## Task to carry out
Write out again only the lines between the one with "Pictured L-R: Casper Ruud and Ben Shelton." and the end of the records below, both ends counted, and don't include the pictures.

## Short text fragments from websites
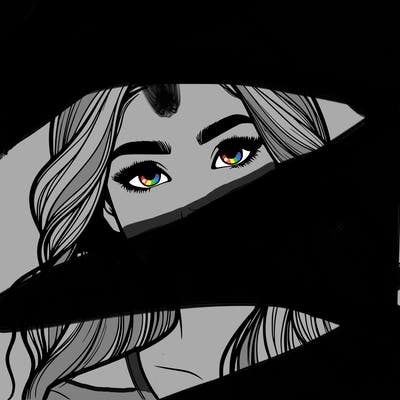 realistic teenage girl with pretty hair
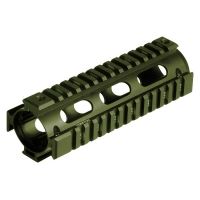 Leapers UTG Pro Model 4/15 Carbine Length Quad Rail System - OD Anodizing MTU001G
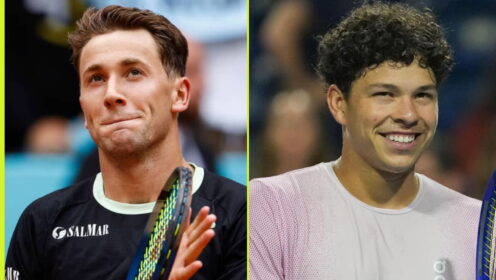 Pictured L-R: Casper Ruud and Ben Shelton.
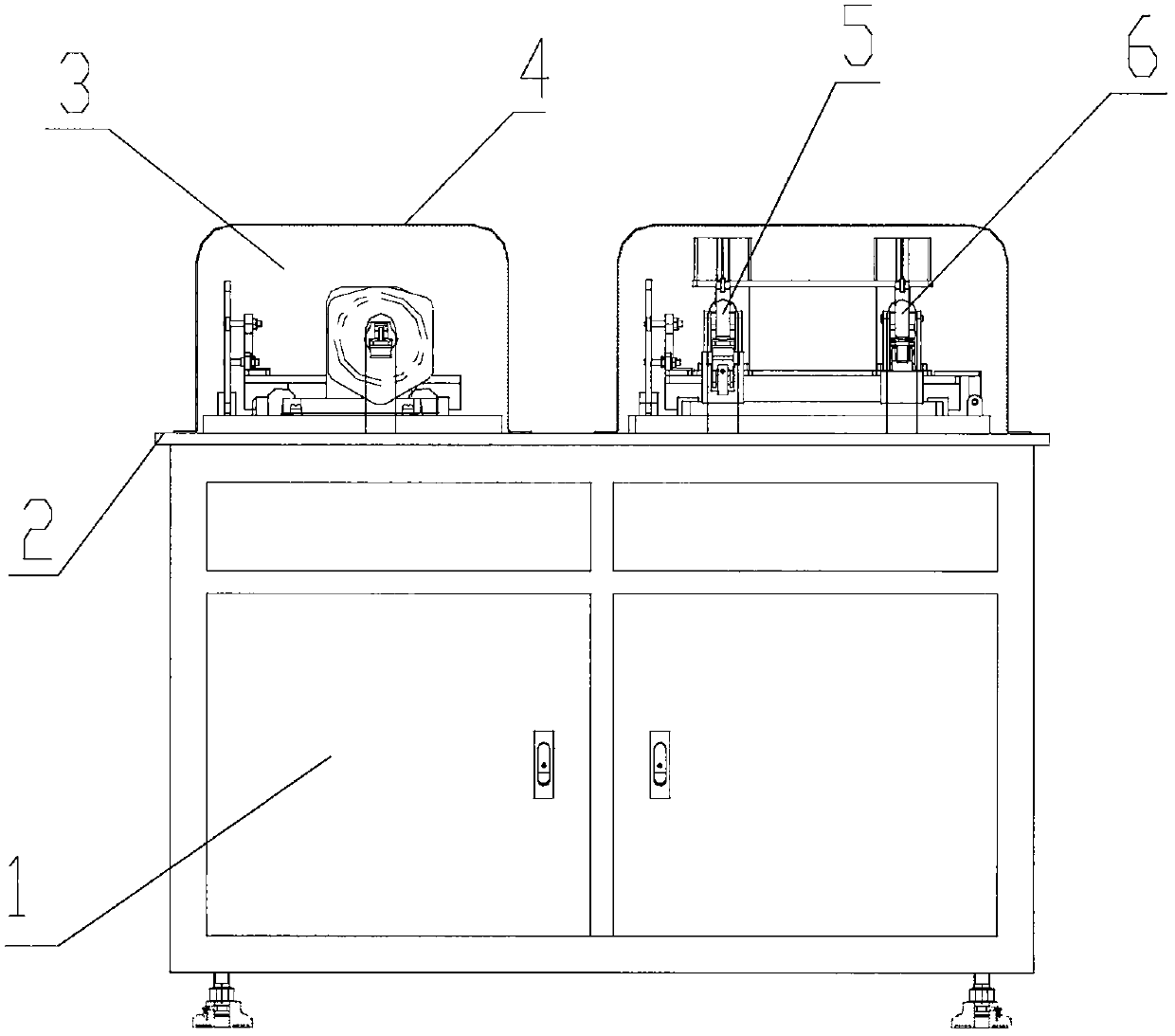 Railway vehicle brake valve grinding machine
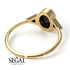 Geometrical Bezel Black Diamond Ring - Trinity No. 37 image 7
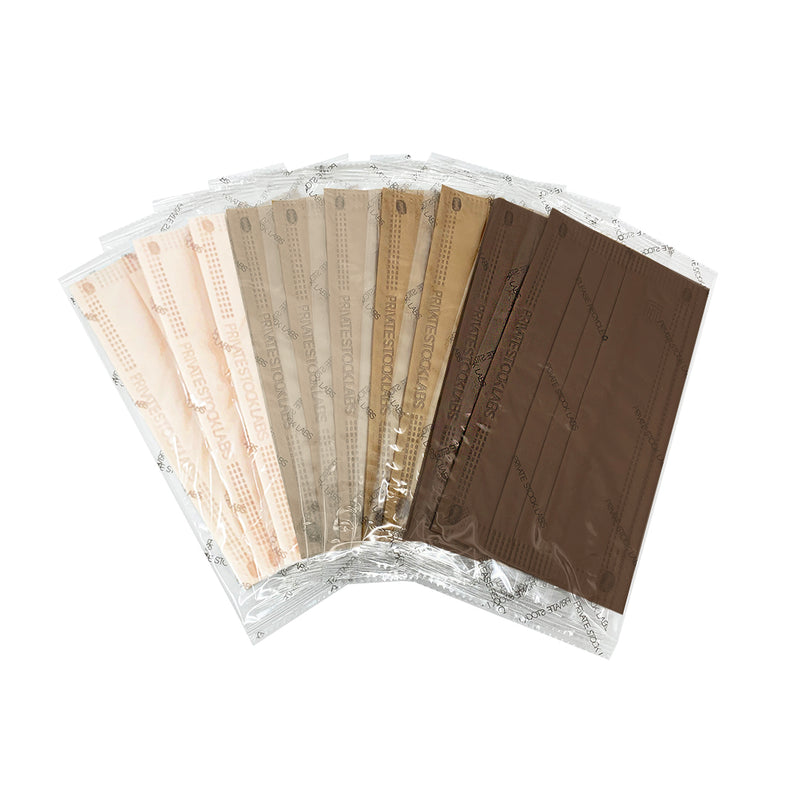 4-Ply Protective Mask - Tones Series - Assorted Set (Pack of 10)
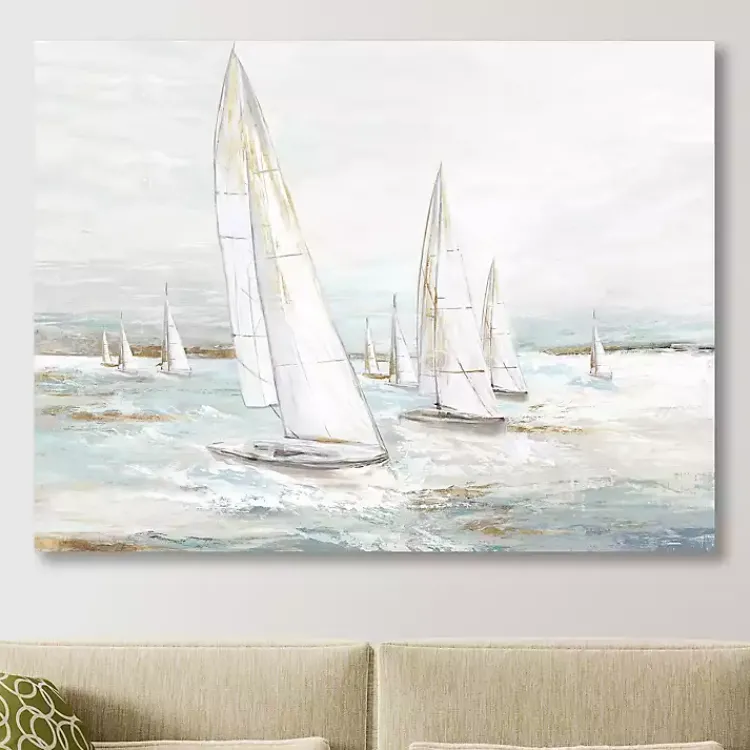 Canvas Art-Kirklands Home Windswept Sails I Canvas Art Print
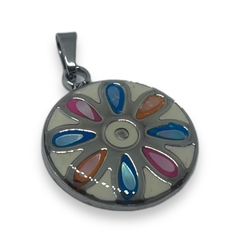 5987 Dije Flor Esmaltada (20 mm) Acero Quirúrgico en internet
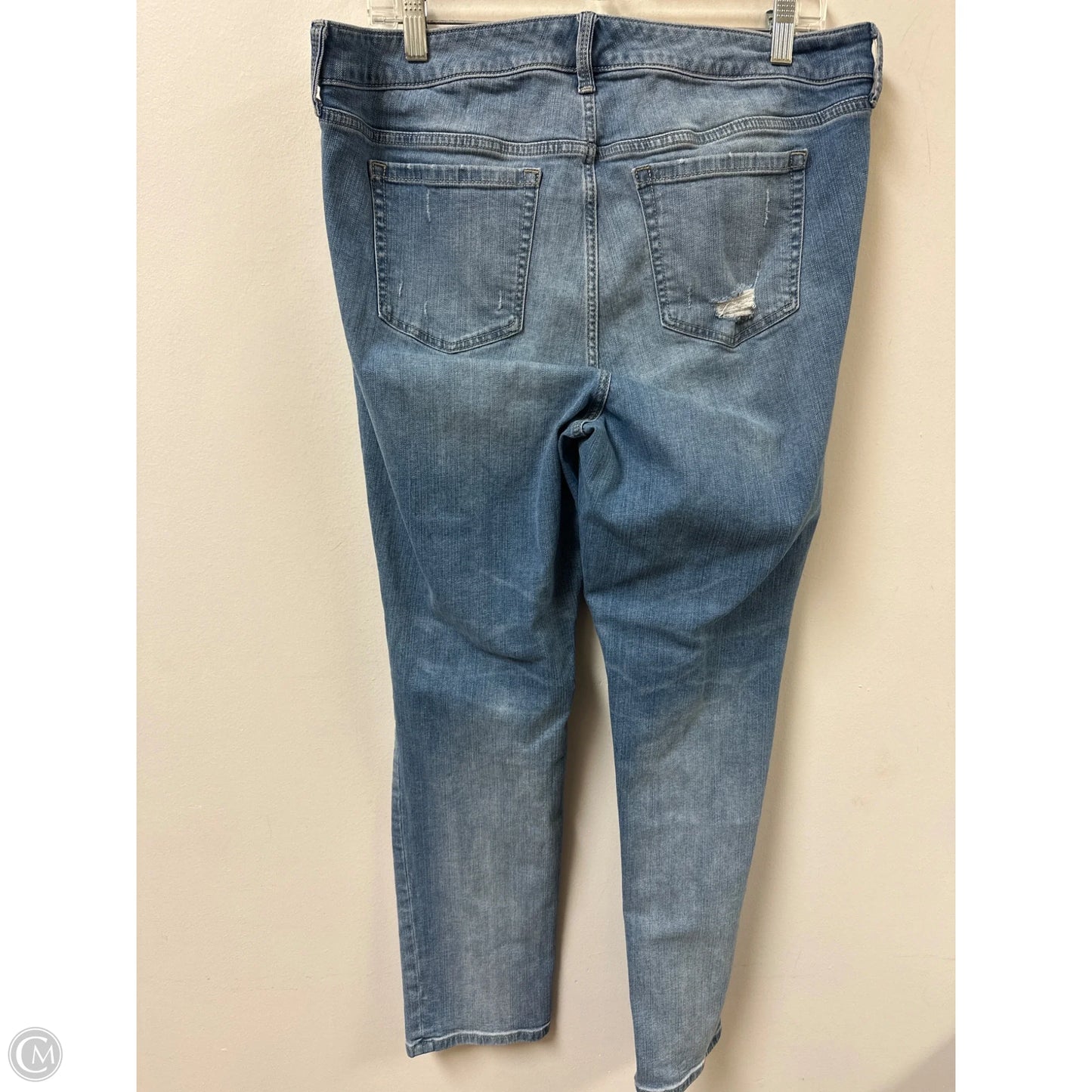 Jeans Boot Cut By Maurices In Blue Denim, Size: 14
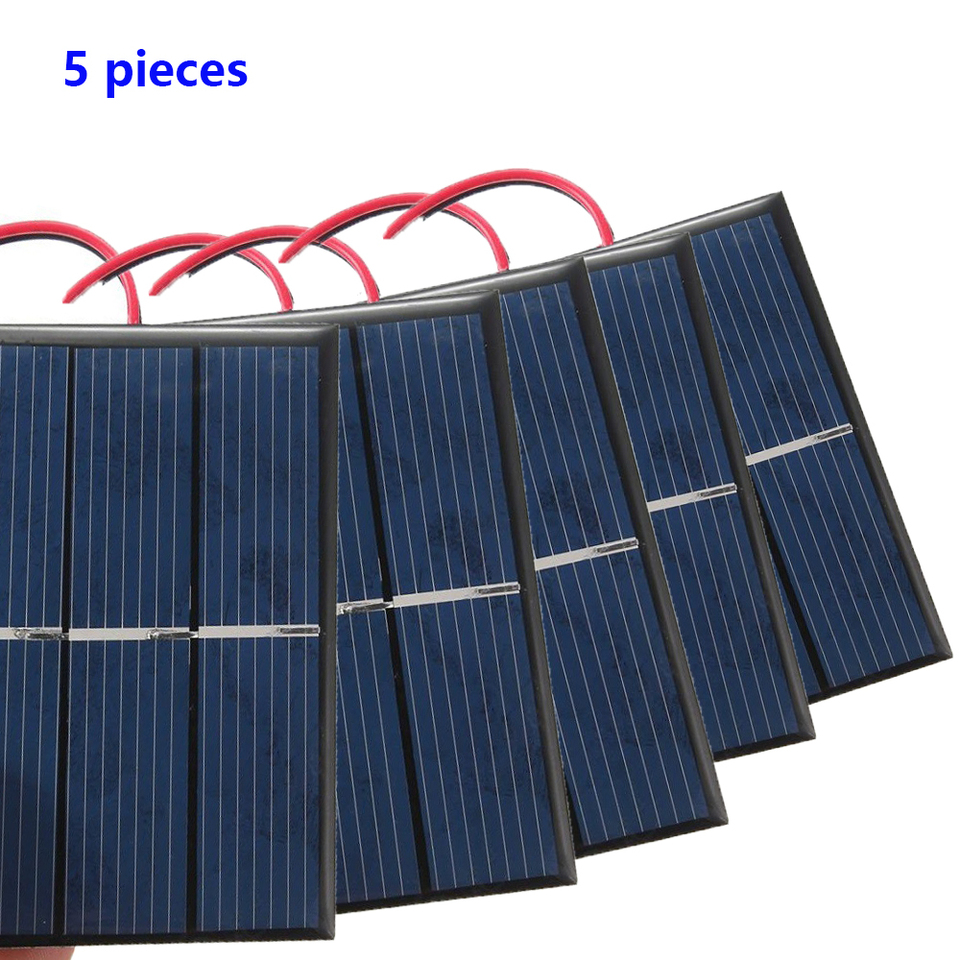 Solar Panel 1.5V 0.65W Polycrystalline Solar Panel Mini Solar Panel for DIY Charger 60 X 80 X 3mm Solar Toys and more.
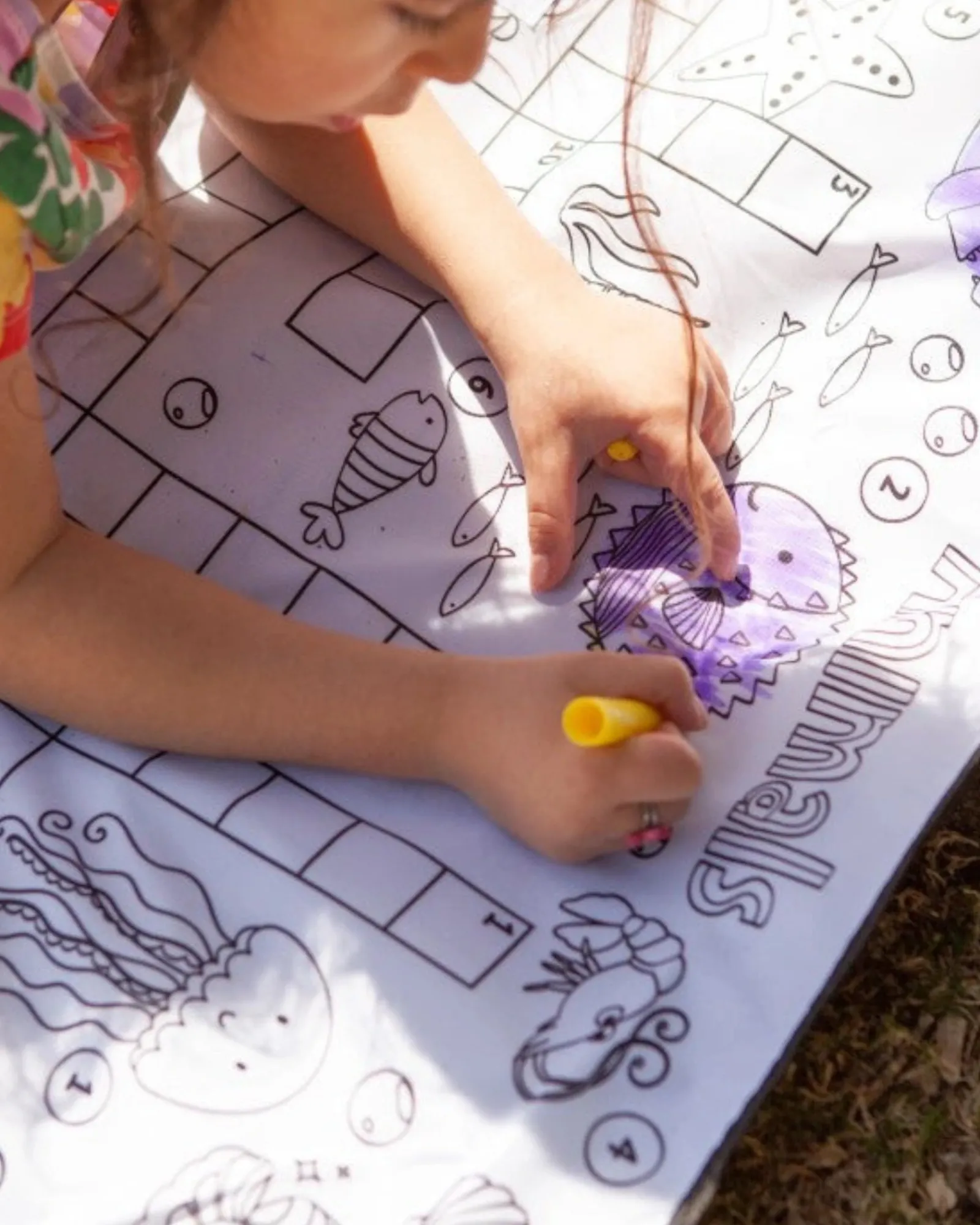 Icando Picnic Blanket Colouring Fun Hot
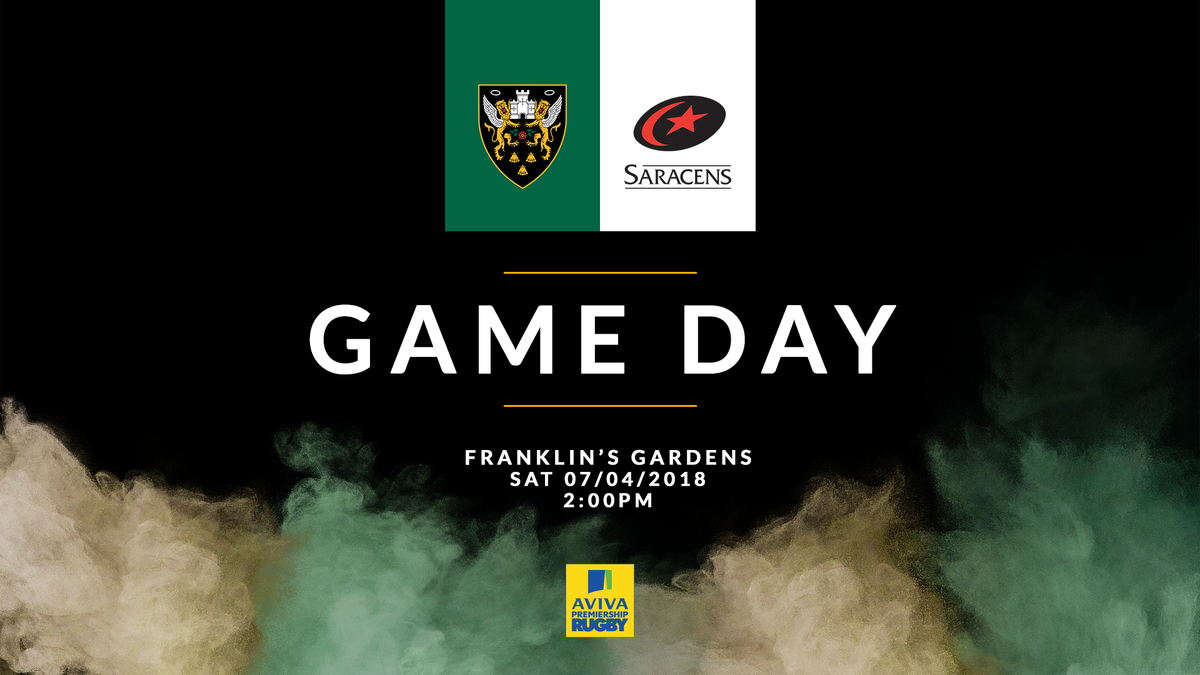 SaintsRugby's tweet photo. 🙌🏼

Who's coming to the Gardens today?!

The Ticket Office opens at 9am, or you can book online and Print@Home at https://t.co/4MtD95hxNv https://t.co/6m1ZB444N9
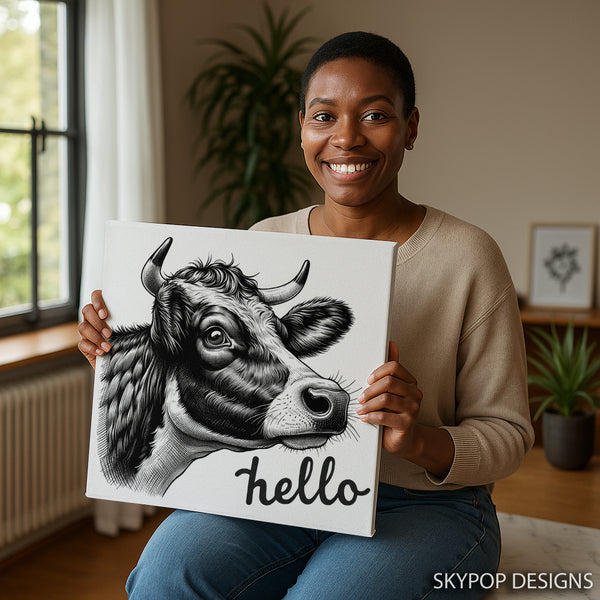 Highland Cow Art - View 3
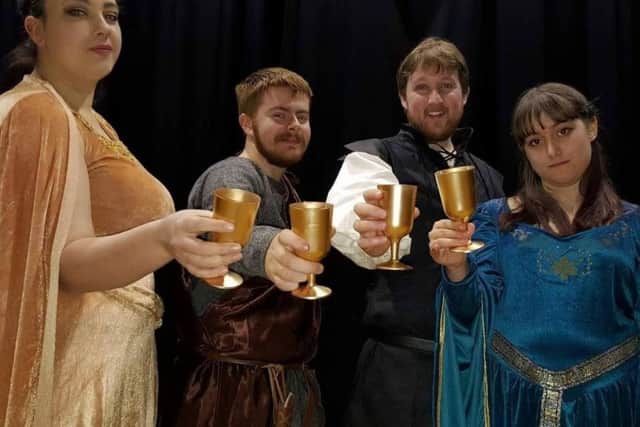 UCLan actors prepare for the Game of Thrones-themed murder mystery event.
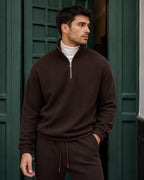 Garda Half-Zip Tracksuit - Chocolate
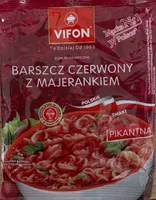 Barszcz czerwony z majerankiem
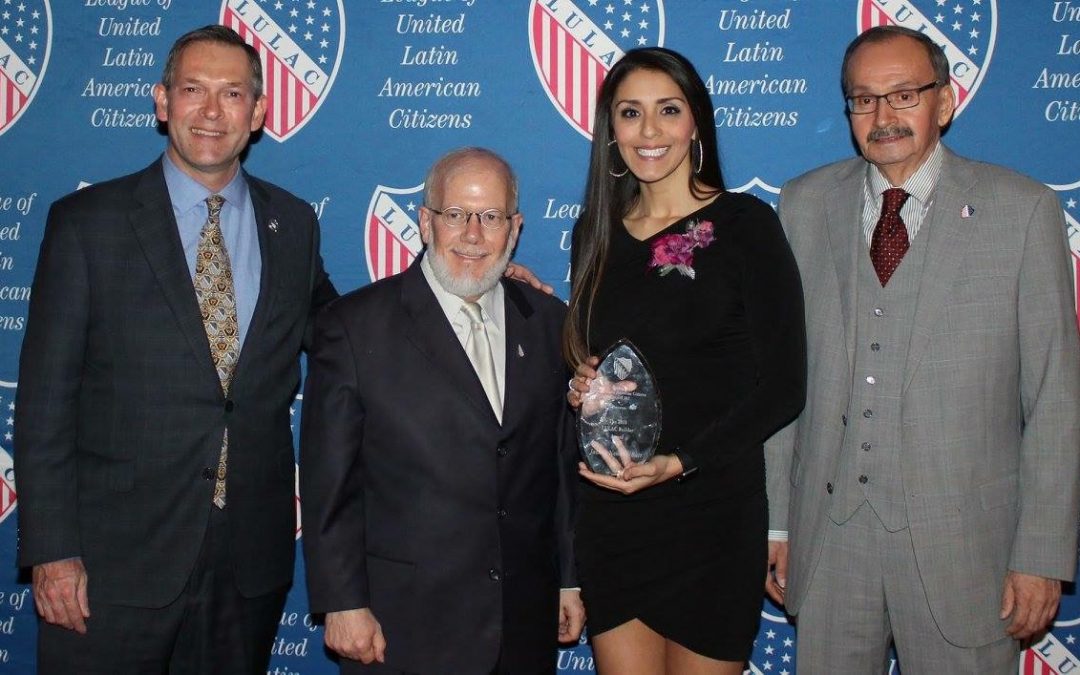 Attorney Jazmin Newton-Butt receives the LULAC Builder Award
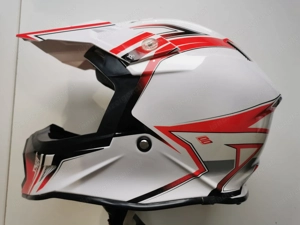 Superleichter Shot race gear Motocross Helm Striker Gr. XL 62 Bild 2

## Solution
 Pictured L-R: Casper Ruud and Ben Shelton.
 Railway vehicle brake valve grinding machine
 Geometrical Bezel Black Diamond Ring - Trinity No. 37 image 7
 4-Ply Protective Mask - Tones Series - Assorted Set (Pack of 10)
 Canvas Art-Kirklands Home Windswept Sails I Canvas Art Print
 5987 Dije Flor Esmaltada (20 mm) Acero Quirúrgico en internet
 Jeans Boot Cut By Maurices In Blue Denim, Size: 14
 Solar Panel 1.5V 0.65W Polycrystalline Solar Panel Mini Solar Panel for DIY Charger 60 X 80 X 3mm Solar Toys and more.
 Icando Picnic Blanket Colouring Fun Hot
 SaintsRugby's tweet photo. 🙌🏼

Who's coming to the Gardens today?!

The Ticket Office opens at 9am, or you can book online and Print@Home at https://t.co/4MtD95hxNv https://t.co/6m1ZB444N9
 Highland Cow Art - View 3
 UCLan actors prepare for the Game of Thrones-themed murder mystery event.
 Garda Half-Zip Tracksuit - Chocolate
 Barszcz czerwony z majerankiem
 Attorney Jazmin Newton-Butt receives the LULAC Builder Award
 Superleichter Shot race gear Motocross Helm Striker Gr. XL 62 Bild 2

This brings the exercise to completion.